Траурным пехотинцам было уже плевать и на его кошель, набитый талерами, и на погоду, и на стрельбу из развороченной подошвенной бойницы на забое. Отбросив валуны, они пробили решётку брёвнами, стали пихать саженные сосновые отщепы. Следом, в сырую тьму, летело всё горючее: сера, мешочки с порохом, туеса с дёгтем, пылающие остремки сена. Каждым неделю можно кормить корову... Темнота сглатывала их, в подвале башни мерцали пятна доспехов или лиц. По ним стреляли неприцельно, машинально: не мешайте! Брёвна в основании больверка действительно были уложены в четыре сруба, они уже обуглились и раскалились. Поджигатели кашляли, оттаскивая в моросящую прохладу раненых и убитых.

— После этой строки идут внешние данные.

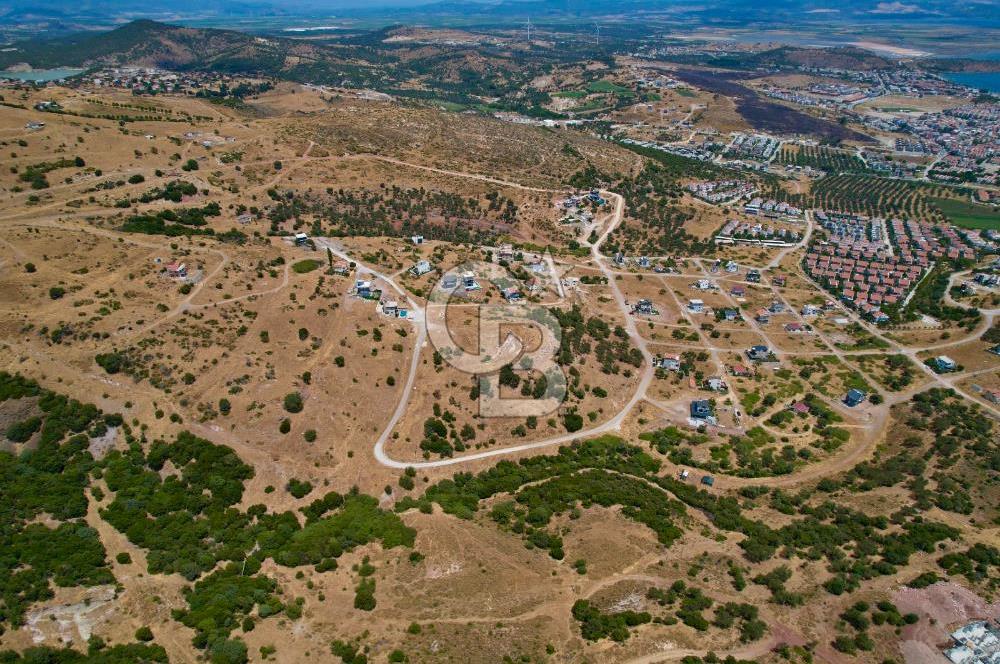 ÇANDARLI YATIRIMA UYGUN 1/2 HİSSE SATILIK ARSA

Уложенные на плащи поодаль от жара и гвалта, раненые первыми заметили, как притомился дождь и ожил ветер. «Московский Бог уснул!» — смеялись они, одолевая ломоту и жжение. Каждый надеялся, что уж его-то рана не смертельна, его Господь бодрствует... Как и рассчитывал Замойский, в конце концов произошло случайное и неизбежное несчастье русских городов: огонь прошёлся по срубам основания, искрами перекинулся на верхнее строение больверка, для пробы лизнул одно бревно, другое и вихрем дунул вдоль стены к соседней башне, с главными запасами пороха.
В обоих лагерях трубы запели сбор.
8
Последний день осады Великих Лук Неупокой скрывался то в стане литовской пехоты, то в запорожском таборе на Дятлинке.

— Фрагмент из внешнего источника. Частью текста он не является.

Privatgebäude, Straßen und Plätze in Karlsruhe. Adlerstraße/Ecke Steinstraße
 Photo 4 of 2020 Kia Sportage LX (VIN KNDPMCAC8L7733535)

За ним охотились не нагло, но навязчиво, как он недавно «пас» Вороновецкого. Впервые обнаружив слежку, он решил, что люди Остафия Воловича тянуть не будут, начал прикидывать возможности побега, хотя и понимал, что исчезнуть незаметно, подобно Игнатию, и не сгинуть в лесах, насыщенных враждебными дозорами, вряд ли удастся. Потому протянул и поневоле убедился, что брать его не торопятся. Присмотревшись к возможным соглядатаям, признал в них гайдуков и иных служебников из стана Кирилла Зубцовского. Если среди них и были шпыни Воловича, то действовали очень скрытно, возможно, надеясь обнаружить связь Неупокоя с московскими послами. Панам Воловичу и Радзивиллу это было важнее, чем просто убить его или по доносу служебников Курбского взять на пытку. Что из него вытрясут?
К посольским шатрам Арсений близко не подходил. Да и послы притихли, не показывались в лагере, отправив в Москву гонца за новыми наказами. Пожар от венгерского подкопа всполошил их, князь Сицкий-Ярославский рвался к королю — увещевать, просить отсрочки, как будто можно просить отсрочки или милости у разыгравшегося огня войны. Но стоило погаснуть, на новой встрече поворотил на прежнее, словно не Баторий стоял под Луками, а царь — под Вильно...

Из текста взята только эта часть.